2012-04-27 Thread Mehmet Erol Sanliturk
On Fri, Apr 27, 2012 at 4:31 PM, Jerry McAllister jerr...@msu.edu wrote:

 On Fri, Apr 27, 2012 at 08:27:07PM +0200, Wojciech Puchar wrote:

  After using Linux for almost 15 years, I only recently started using
  FreeBSD. I own an internet startup and was looking for a solution for
 
  Those who need FreeBSD already use it. no need to promote. Or maybe need
  to promote bigger donations to FreeBSD community from big users.
 
  Those who actually need high performers and have servers that are loaded
  and are working not toying around - use FreeBSD.

 Not really true and kind of a poor attitude.
 Yes. many people needing high performance already use FreeBSD, but
 there are lots of services that could benefit from FreeBSD who are
 not very aware of it.  They may have heard the name, and even know
 that it is an OS, but have heard it passed off as a non-entity in
 the field and do not know better than that.

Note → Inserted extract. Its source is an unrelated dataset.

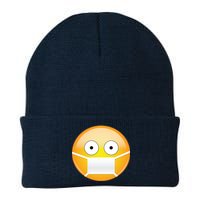 Face Medical Mask Emoji Knit Cap Winter Beanie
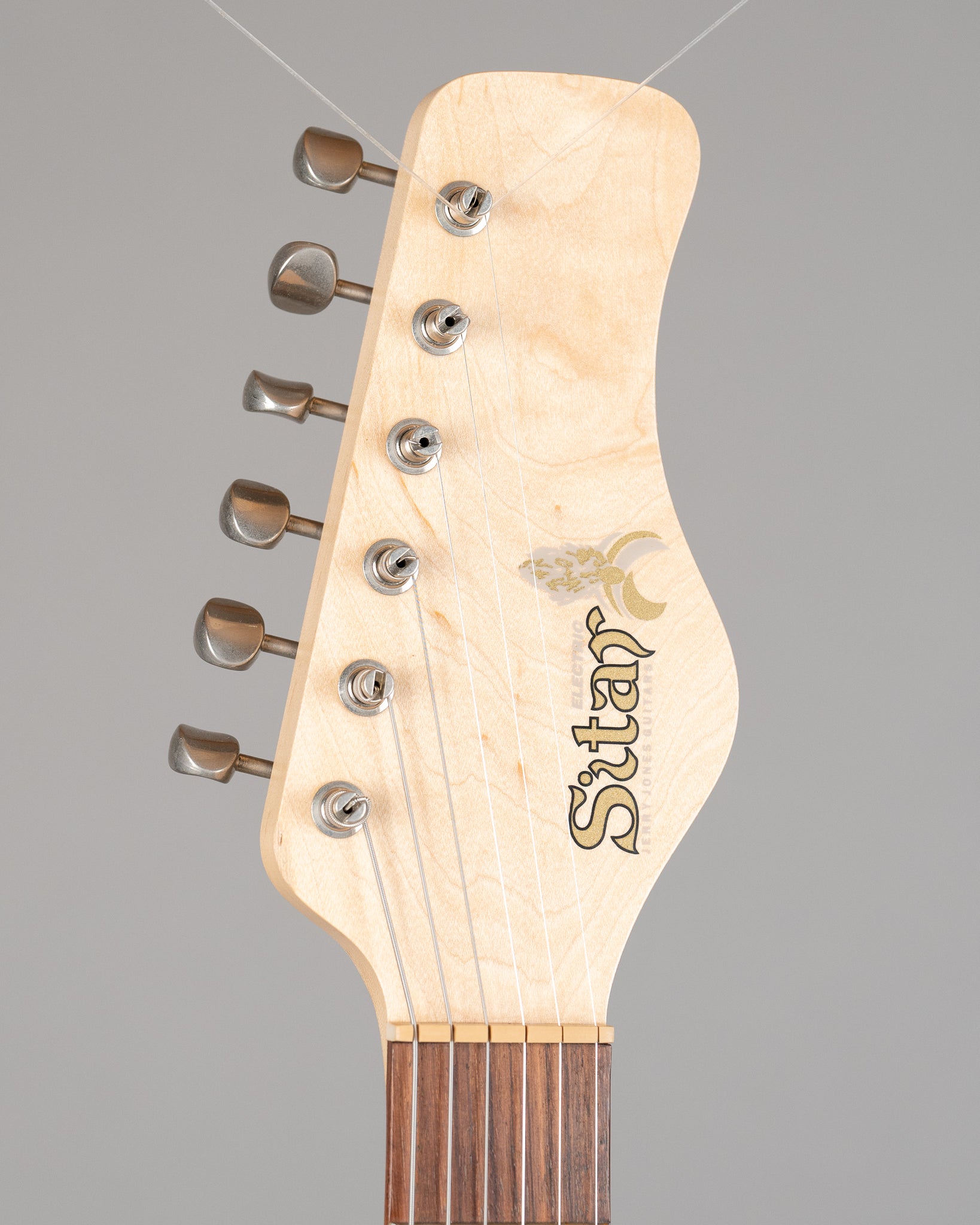 c2000s Jerry Jones Electric Sitar (USA, White Crackle, Gig Bag)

 Sure, if people take the time and come to the web site and then
 download and use it and learn it, they know and don't need to
 be told much.  But, most others are not yet in that situation.
 They might appreciate the help.   Of course, some may be too
 lazy or prejudiced to go through that, but many just need some
 more information and encouragement I would guess.

 jerry





My opinion is that most important obstacle in front of FreeBSD is its
installation structure :


It is NOT possible to install and use a FreeBSD distribution directly as it
is .

In Linux distributions , when a distribution is installed , the user , NOT
root ,
can use its facilities WITHOUT setting a ( large ) number of parameters
which it is approximately ZERO .


Contrary to this , when a FreeBSD is installed , an ordinary user can NOT
use USB , CD/DVD , etc. , and even key board / mouse in X without setting
MANY parameters in MANY files ( loder.conf , rc.conf , etc. ) .

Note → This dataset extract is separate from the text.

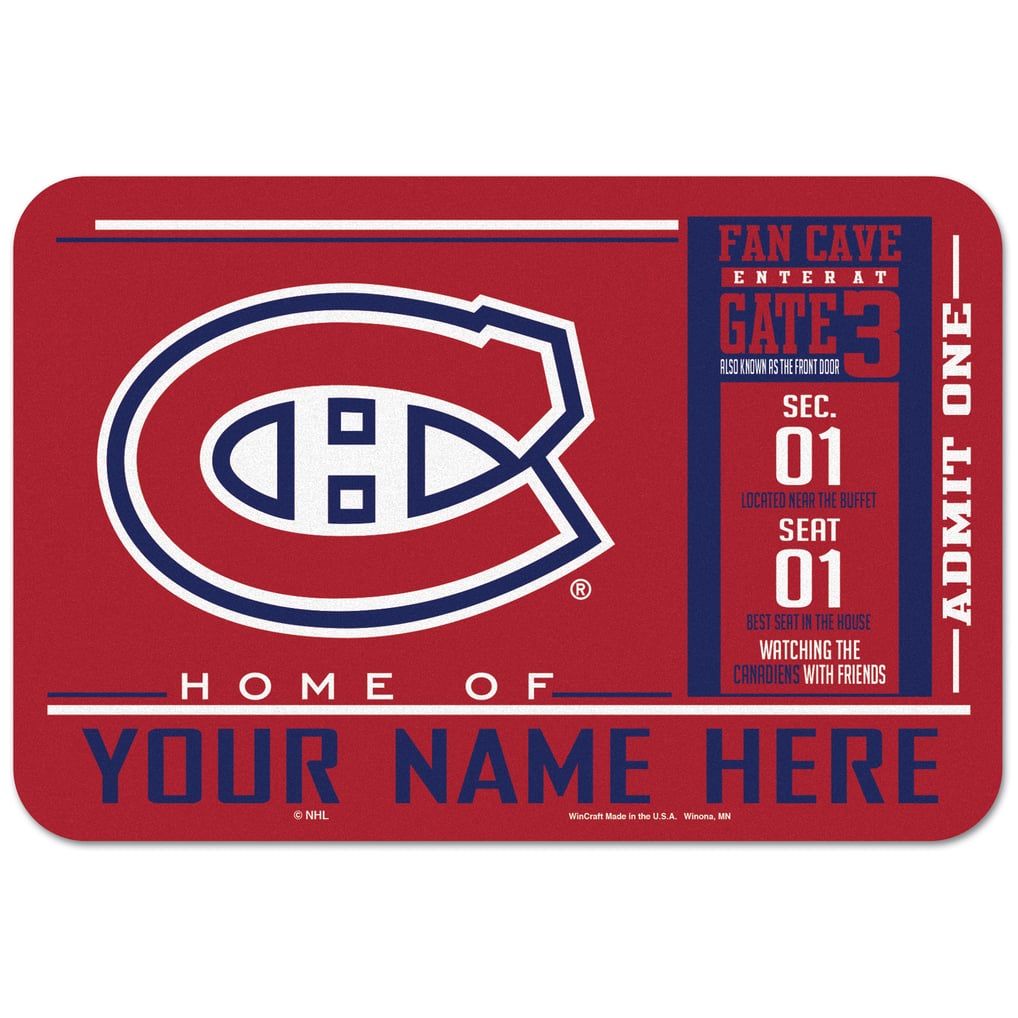 Montreal Canadiens WinCraft 20'' x 30'' Personalized Floor Mat
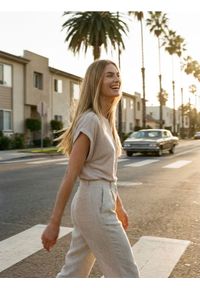 Sinsay - Koszulka z metalizowaną nicią - srebrny. Kolor: srebrny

This point is a very important difficulty for the beginners and a really
very tiring for experienced users .

The first thing for FreeBSD to promote its use is to be done is to remedy
this obstacle .


All over the years , this fact is ignored , and left as it is , with a
counter argument that FreeBSD is for servers .

If we stick into this idea indefinitely , FreeBSD user base will not exceed
a few with respect to number of desktop users because number of servers
with respect to number of desktop users may be considered very small . Such
a small user base is not sufficient supply a breath to FreeBSD to make it
live .


An important example is www.wikipedia.org which I mentioned many times .
In yearly campaigns , they are collecting more than 15 MILLION US dollars
as donations where average donations being around 5 US dollars per donation
.

Contrary to this , www.freebsdfoundation.org has a yearly budget less than
HALF a MILLION US dollars .

If the news I read is correct , Mozilla Foundation is getting 300 MILLION
US dollars from Google for specifying its name in its search bar .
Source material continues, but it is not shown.